Content starts
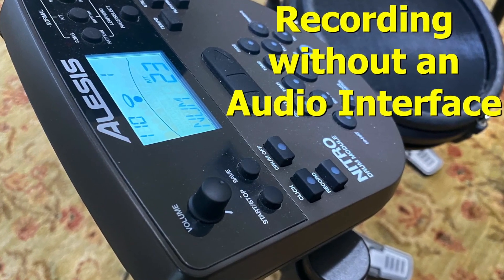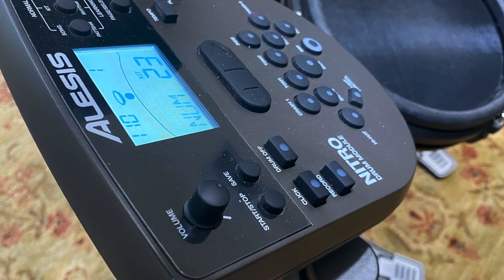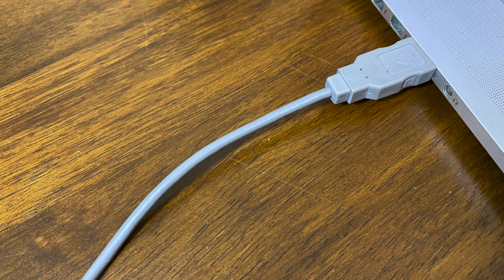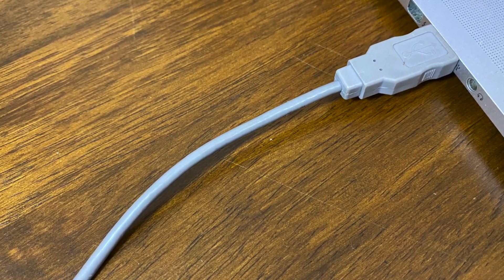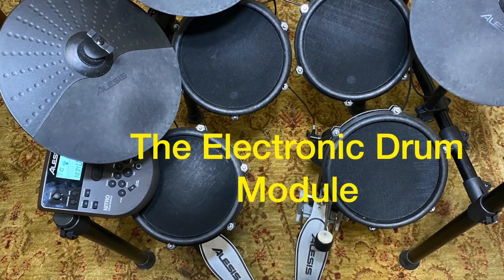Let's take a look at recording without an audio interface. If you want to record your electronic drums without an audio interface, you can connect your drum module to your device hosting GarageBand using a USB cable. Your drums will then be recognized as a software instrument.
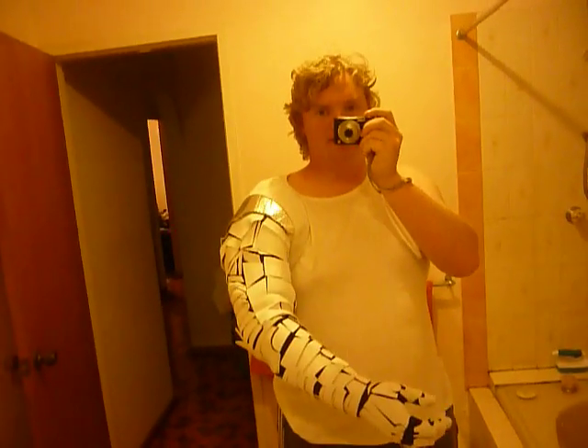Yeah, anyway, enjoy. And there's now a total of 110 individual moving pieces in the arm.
Content ends
Content starts
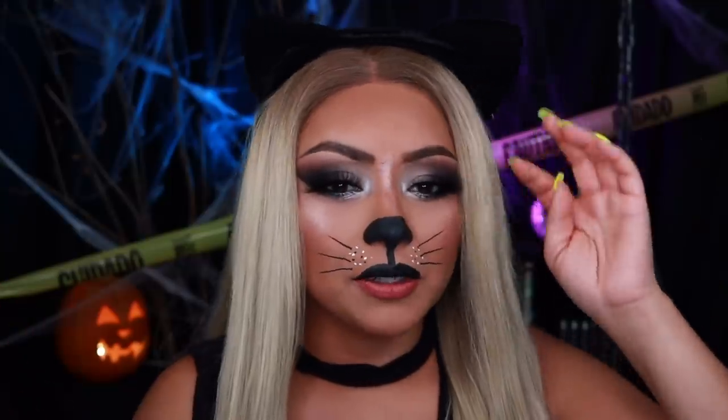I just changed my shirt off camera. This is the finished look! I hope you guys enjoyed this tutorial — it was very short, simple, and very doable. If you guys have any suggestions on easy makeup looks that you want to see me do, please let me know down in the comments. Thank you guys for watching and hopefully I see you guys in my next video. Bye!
Content ends
_WHAT THE TASK ASKS_
Only one stretch of the listing is wanted: the lines starting at the one with "Let's take a" and ending at the one with "Yeah, anyway, enjoy.", copied exactly and free of pictures.

_RESPONSE TO THE EXERCISE_
Let's take a look at recording without an audio interface. If you want to record your electronic drums without an audio interface, you can connect your drum module to your device hosting GarageBand using a USB cable. Your drums will then be recognized as a software instrument.
Yeah, anyway, enjoy. And there's now a total of 110 individual moving pieces in the arm.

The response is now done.